Was I supposed to just grit my teeth?

Posted .

The health insurance plan I have through my work processed the claim for my emergency room visit and gall bladder removal surgery. They approved everything, with one exception: a $780 charge for general anesthesia.

Ouch!

According to the first footnote on the Explanation of Benefits:

Your plan benefits do not cover all services. The service noted above is not covered. Please read your plan booklet for details.

Naturally, this made me want to read my plan booklet, because it seemed to me that not covering anesthesia during surgery was a rather large thing to leave out of a medical plan. But I don’t have a copy of my plan booklet. So I asked the local HR person at my office.
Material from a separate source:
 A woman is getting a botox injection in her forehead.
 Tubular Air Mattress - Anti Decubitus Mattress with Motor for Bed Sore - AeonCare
No plan booklet. I called the corporate HR office. They don’t have a copy of the plan booklet, either.

Apparently, no one at my company knows exactly what is covered by our medical plan.

But it gets better. There was a second footnote regarding the denial of the claim:

Your plan excludes coverage for services related to weight control, including surgical procedures primarily intended to control weight or treat obesity, including morbid obesity.
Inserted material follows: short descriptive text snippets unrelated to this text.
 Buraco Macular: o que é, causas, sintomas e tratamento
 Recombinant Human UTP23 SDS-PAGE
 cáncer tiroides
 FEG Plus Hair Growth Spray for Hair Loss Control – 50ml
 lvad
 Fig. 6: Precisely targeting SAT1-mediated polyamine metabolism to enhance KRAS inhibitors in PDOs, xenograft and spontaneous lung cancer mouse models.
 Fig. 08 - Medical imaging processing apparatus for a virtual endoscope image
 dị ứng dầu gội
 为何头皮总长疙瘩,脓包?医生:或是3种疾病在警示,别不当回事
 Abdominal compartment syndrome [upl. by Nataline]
Riiiiiight. That’s the primary reason why I wanted the anesthesia — to lose weight. The whole being-unconscious-during-painful-surgery thing was merely secondary.

I called the insurance company about the denial of the claim, and the customer service representative burst into laughter. Fortunately, it was the good kind of laughter, rather than the evil, maniacal laughter one generally expects from an insurance company. She said it was clearly a mistake and that they would reprocess the claim.